Wawenock promotes the concept of individual girls learning about themselves and developing social skills through living and working in groups…cabin groups of 4 to 7, unit groups by age of 20 to 30 and finally the “tribes” which number half of the camper population. Each camper becomes a member of either the Wawenock or Owaissan tribe and stays on that tribe in successive years.
Through the tribes, girls compete, celebrate and collaborate.
The emphasis of the tribes within our program is not on the rivalry. Healthy competition in the activities is part of the “tribe” experience however. The competition is meant to highlight skills girls have developed in the instructional camp program. The program includes tennis, swimming, archery, riflery, smallcraft, etc. A tribe meet is held on Sundays and in each meet there are events where all campers can participate, even those who don’t choose to take instruction in the activity. There is always an “all tribe” event where everyone in each tribe pulls for every other member of the tribe to succeed at some simple task. The spirit during this is phenomenal.
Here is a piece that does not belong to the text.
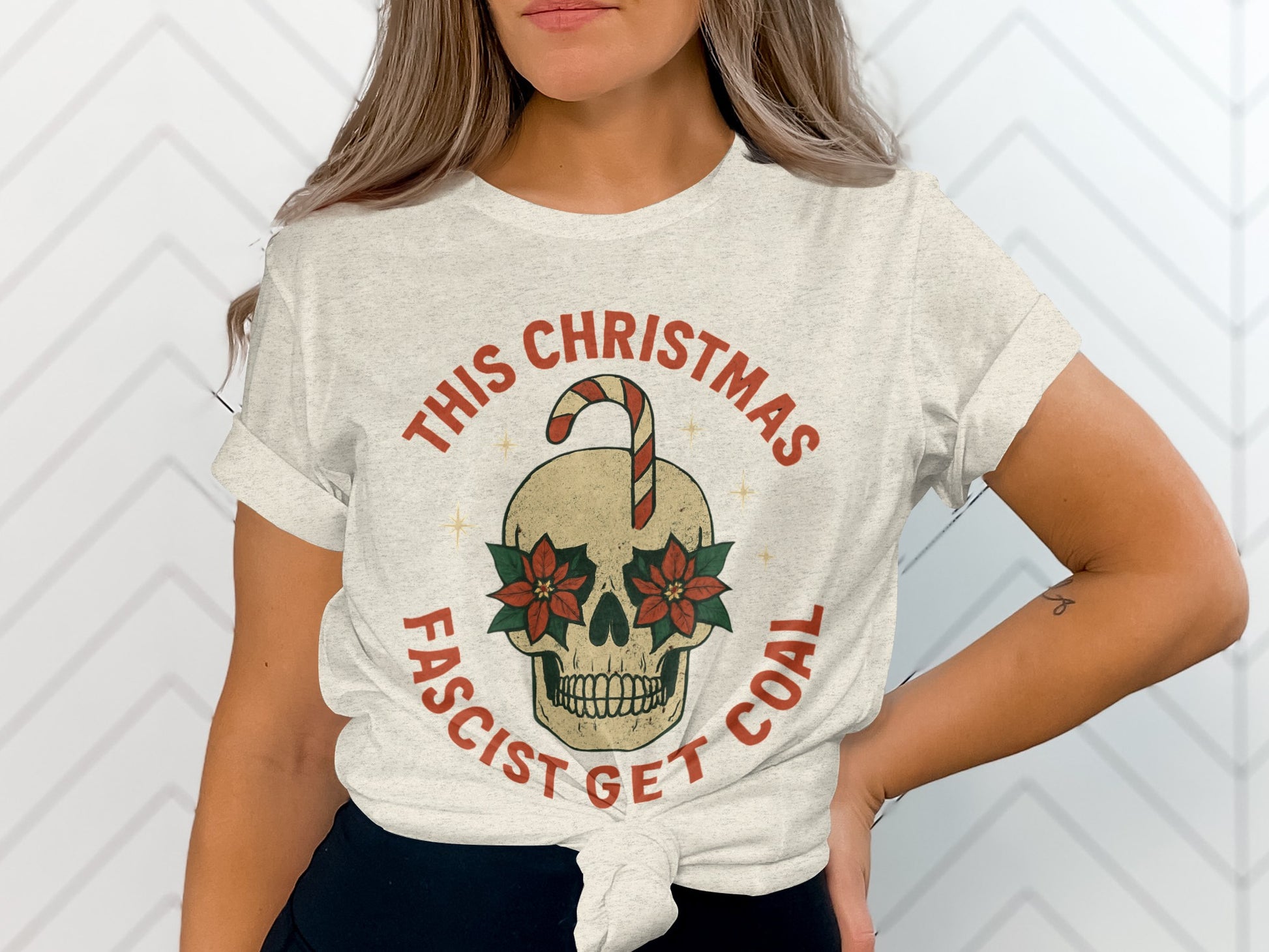 This Christmas Fascist Get Coal Skull Shirt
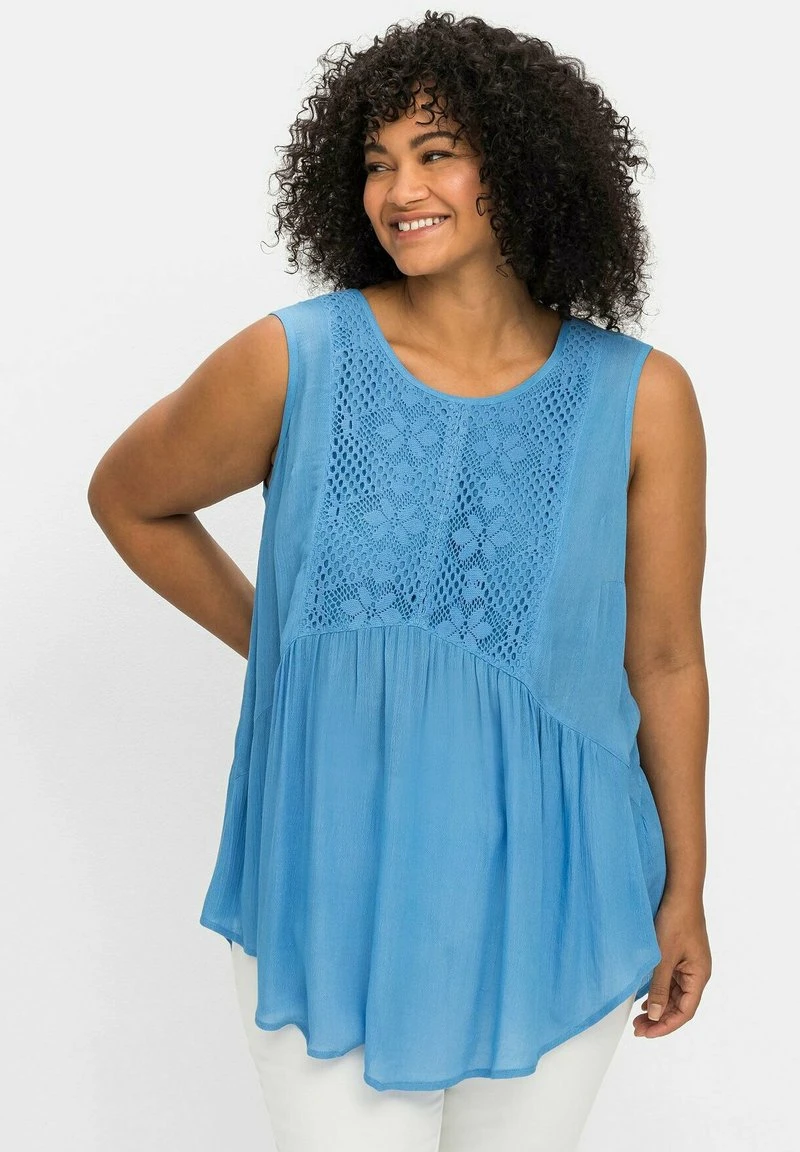 Sheego Bluse - Azurblau 3 Sheego Bluse - Azurblau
At the end of each meet the leaders lead their tribes in congratulatory hugs for the other tribe.
One of the main goals of having the tribes is to give some real leadership opportunities to our oldest campers, many of whom have been campers for up to 6 years. The tribes are “run” by these girls with support from 2 counselors. It is a very important aspect of camp for these older campers.
Through the tribes we expect girls to get out of themselves and work with and for others. There is a big/little sister program where the oldest to youngest in one tribe is paired with the youngest to oldest in the other tribe. These friendships play an important part in each girl’s summer.
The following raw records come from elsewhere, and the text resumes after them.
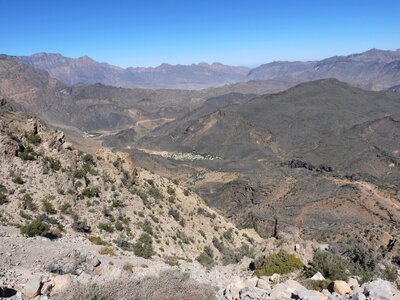 Gorge rock desert valley photo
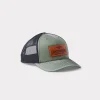 Leather Patch Cap :: Loden + Black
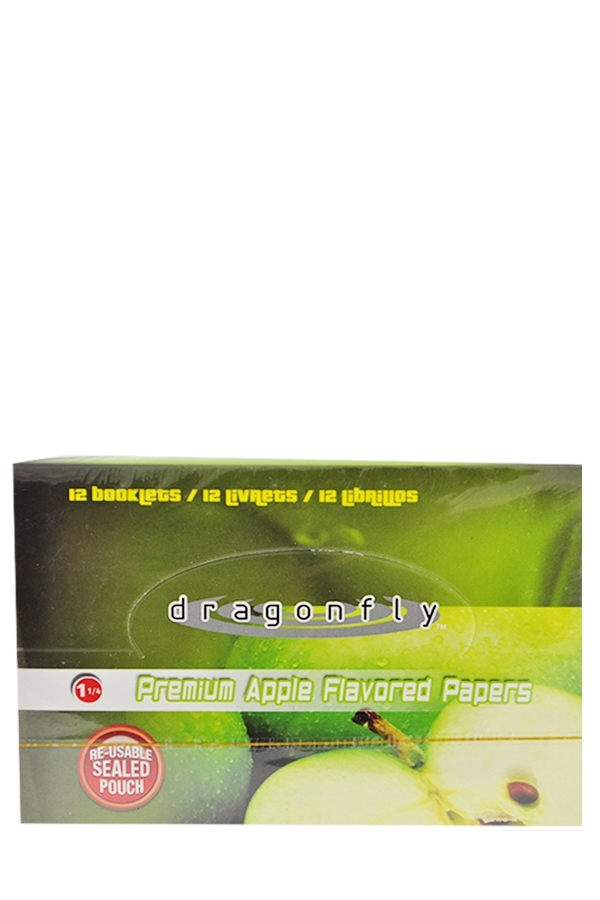 Picture of DRAGON FLY ROLLING PAPER APPLE 1 1/4 12S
Through the tribes we teach the camp traditions and songs. Singing plays an important part in reinforcing camp culture and the experiences campers share, even with alumnae. Each tribe secretly writes a new song each summer and presents it to the camp staff at the end of each season. Song Night is the result and requires a lot of discipline, patience and learning as each tribe independently presents its song and brings back 2 other songs that are not currently known or sung by the camp family. The traditions of Wawenock live on because they are camper driven.
The tribes collaborate on all-camp events such as Council Fire. This is a ceremony in which new campers are welcomed to their tribe, commitments are made to the tribe and the camp community. The commitment to the camp community includes living the ten components of “Wawenock Spirit.” These include ideals and values such as friendliness, sportsmanship, loyalty, effort and initiative, honesty, etc. The tribes also work together on projects like our “Circus” which is a camper run program honoring any staff member who has been at Wawenock for 20 years. In the last 20 years we have had 6 of these events.
Belonging to a tribe and singing, playing games, and competing with your tribe each week and each season is FUN!